The firm says it “will hopefully lead to a defined framework in which consolidators can operate.”
XPS says consolidation will not and should not be “the new goal for all pension schemes,” and said it is “unlikely to be attractive for schemes which have very strong sponsor support, or which have a clear plan to buy out.”
But the firm says some schemes “will be able to improve the security of their members’ benefits by transferring their liabilities to a consolidator.”
Consolidators are also likely to be better placed to run schemes more efficiently when these are combined to achieve sufficient scale, XPS claimed.
Martin Hunter, principal at XPS Pensions Group, said: “Consolidation is a great example of horses for courses.
“The pension scheme with a ‘stallion’ of a sponsoring employer may choose to run their own race, continuing to rely on the support of their employer to help them pay benefits over time.

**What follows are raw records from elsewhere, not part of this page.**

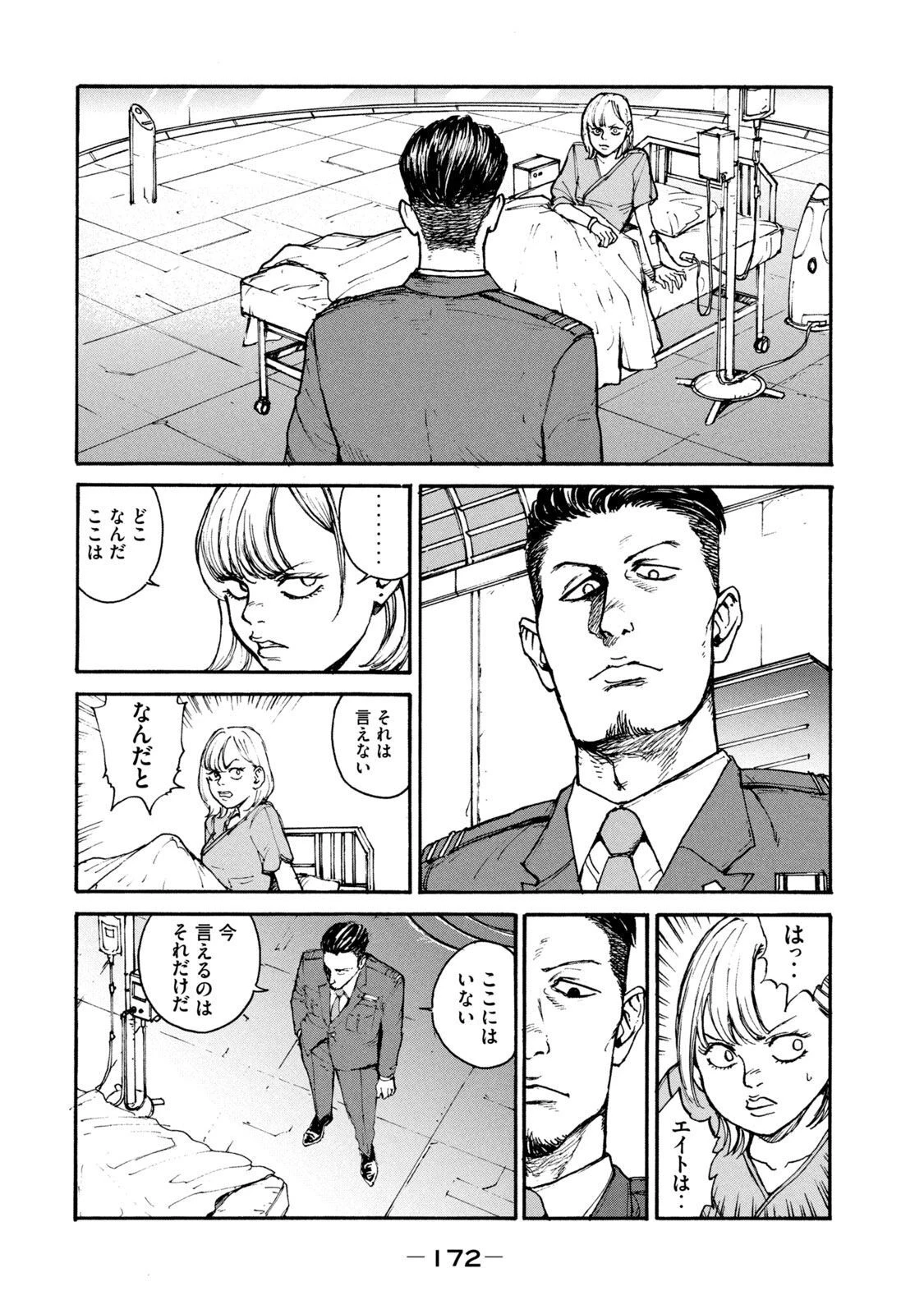 亜童 第19話 - 22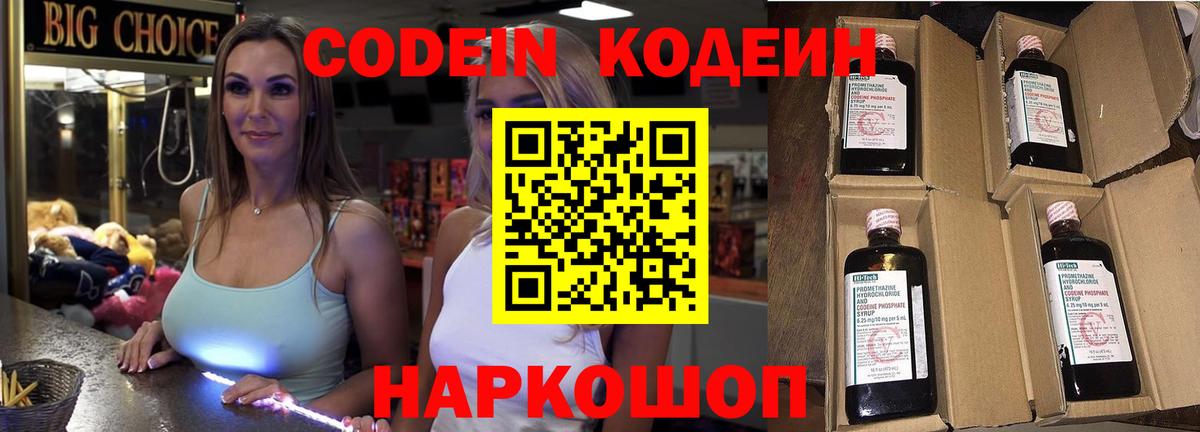 Медногорск  Кодеин Purple Drank  Вход с VPN  Кодеиновый сироп Lean напиток Lean (лин) 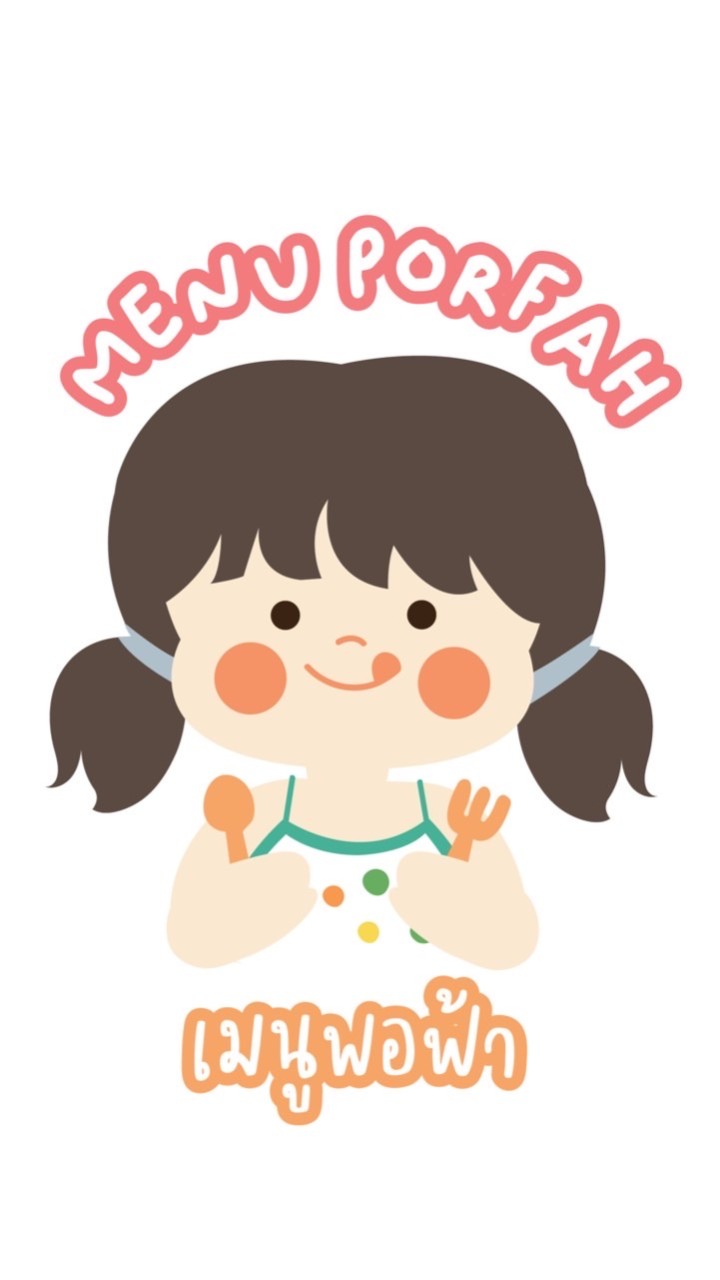 เมนูพอฟ้า คุยเรื่องลูก ป้ายยาของใช้ลูก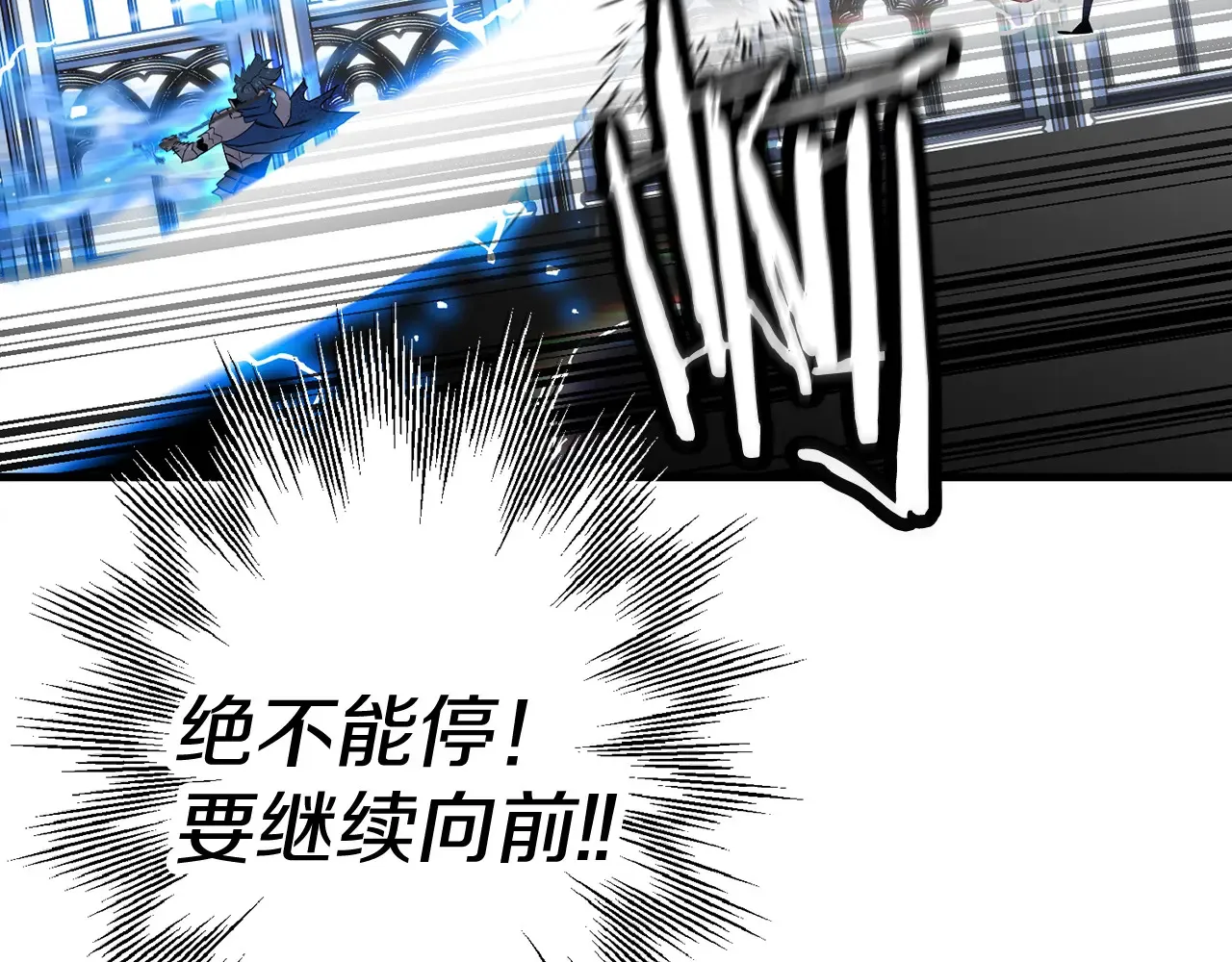 第140话 超越极限137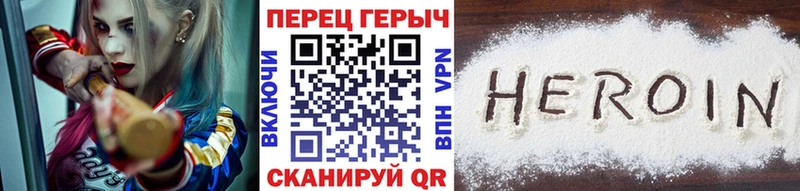 Героин герыч  Купить закладки  Саранск 
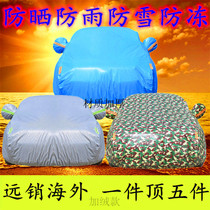 Sunscreen car jacket dedicated to Lincoln MKC car cover Oxford thickened sunshade anti-frost car coat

“Or a scheme with a funding level at the front of the herd may feel there is no need to settle for anything less than full insurance protection for their members and opt to buy out.

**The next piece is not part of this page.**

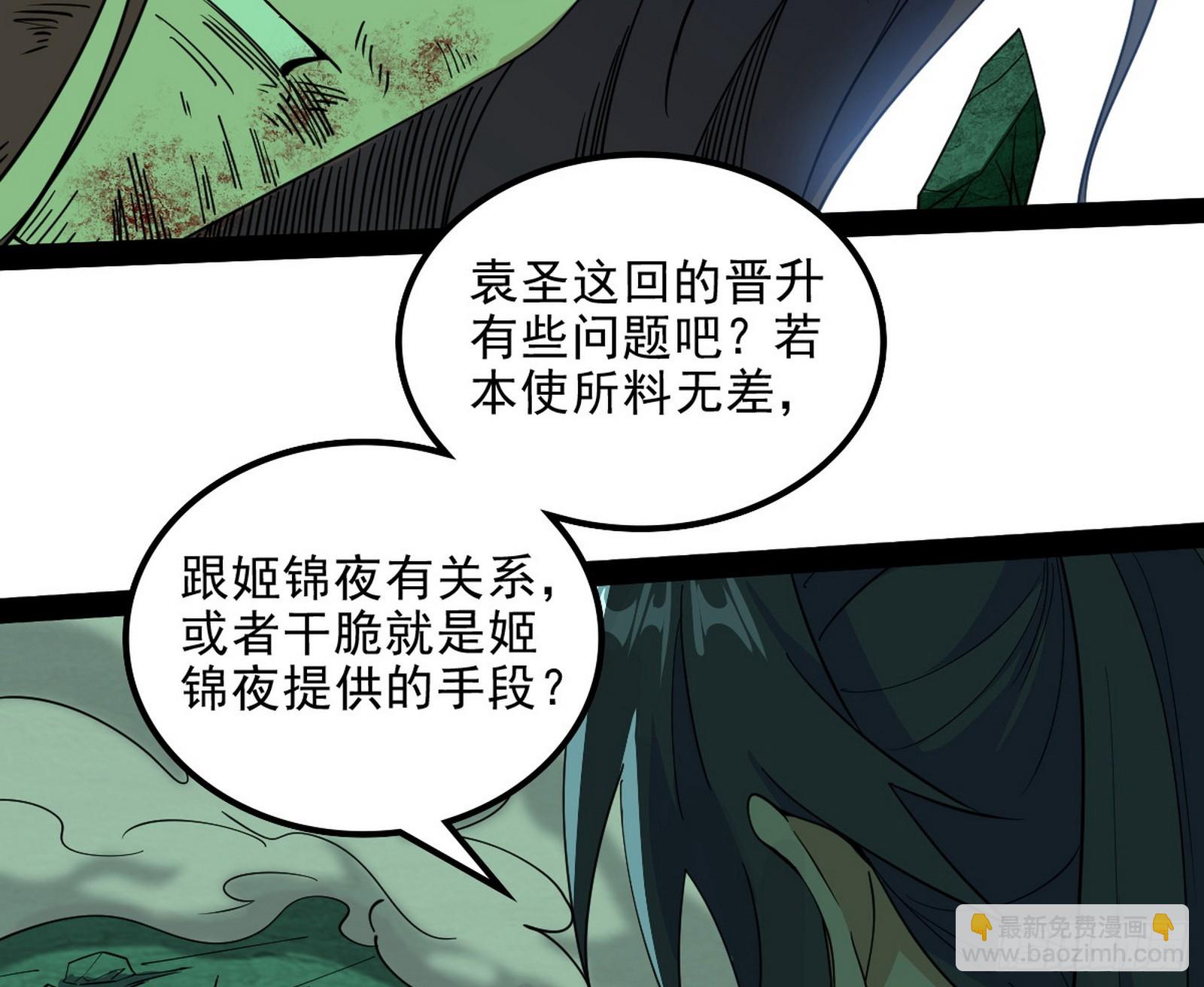 我爲邪帝 - 心魔大誓可不能亂髮(1/3) - 1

“But for some schemes the option of consolidation should be a real front-runner.”
Colette Christiansen, head of de-risking solutions at XPS Pensions Group, said: “We strongly believe that schemes should be encouraged to pursue options that are right for them.
“Each scheme has a unique set of circumstances and there are schemes for which the consolidator market is the optimal solution.
“We welcome the introduction of a defined framework for consolidators to operate in so that this market can grow effectively helping to secure pensions for members.”